8 Annex II states have not yet ratified the Comprehensive Test Ban Treaty. The US is one of those countries, although it has observed a moratorium on nuclear tests since its last nuclear test in 1992.

The CTBTO conference highlights the broad range of verification measures the treaty has at its disposal to ensure detection of nuclear explosions.

The verification regime centers on four state-of-the-art technologies for nuclear explosion detection:

  1. Seismic: With 50 primary and 120 auxiliary seismic stations, the CTBTO can detect any belowground nuclear explosion.
  2. Infrasound: 60 surface stations monitor sound waves inaudible to the human ear that are emitted by large explosions.
  3. Hydroacoustic: 11 stations monitor frequencies in ocean waves caused by possible underwater nuclear explosions.
  4. Radionuclide: 80 stations detect atmospheric nuclides, essentially atoms that are radioactive. 40 of these also can detect radioactive noble gases such as xenon.

 

Data from these sensing apparatuses gets electronically transmitted to the International Data Center (IDC) in Vienna for analysis.

The CTBTO does not just have nuclear weapons-related implications. There is a broad application for science and research, especially in regard to natural, or even manmade disasters.

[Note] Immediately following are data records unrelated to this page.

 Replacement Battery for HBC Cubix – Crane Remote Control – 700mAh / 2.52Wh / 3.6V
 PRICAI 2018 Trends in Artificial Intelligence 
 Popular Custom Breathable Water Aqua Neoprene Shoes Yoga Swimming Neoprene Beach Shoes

The data collected from natural events like the Fukushima nuclear disaster, or the Russian wildfires in the summer of 2010, demonstrate the numerous capabilities of the verification regime.

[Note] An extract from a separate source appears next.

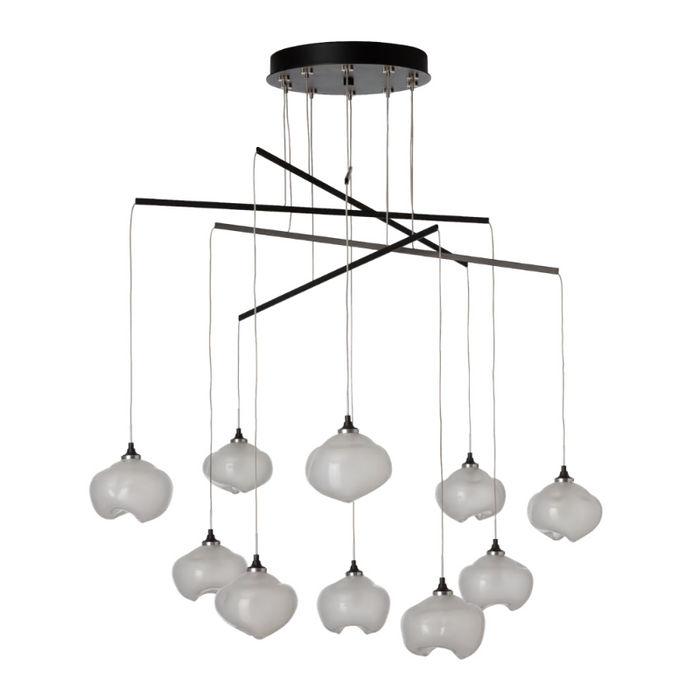 Hubbardton Forge 131153 Ume 10-lt 39" LED Pendant - Oil Rubbed Bronze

The Central Institute for Meteorology and Geodynamics (ZAMG) of Austria was the first organization to accurately publish source estimates of released radioactive particles from Fukushima. They used data from the CTBTO IDC.

The International Monitoring System (IMS) will eventually consist of over 330 facilities to monitor the planet for nuclear weapon detonations. None of the IMS stations were operational when the U.S. last voted on ratification of the CTBT. Today, the IMS is about 85 percent complete.

The CTBTO verification regime is robust and technologically savvy, making evasive testing very difficult.

Ratification of the CTBT would clearly enhance U.S. national security. As ASP CEO BGen Stephen Cheney recently wrote, “By ratifying the CTBT, at no consequence to our own nuclear capabilities, the United States further establishes an international norm that pressures Iran and North Korea to ratify the treaty as well. We no longer need to test, but these states do in order to bridge their knowledge gaps.”

After twenty years without nuclear testing, it’s time to take the next step by ratifying the CTBT.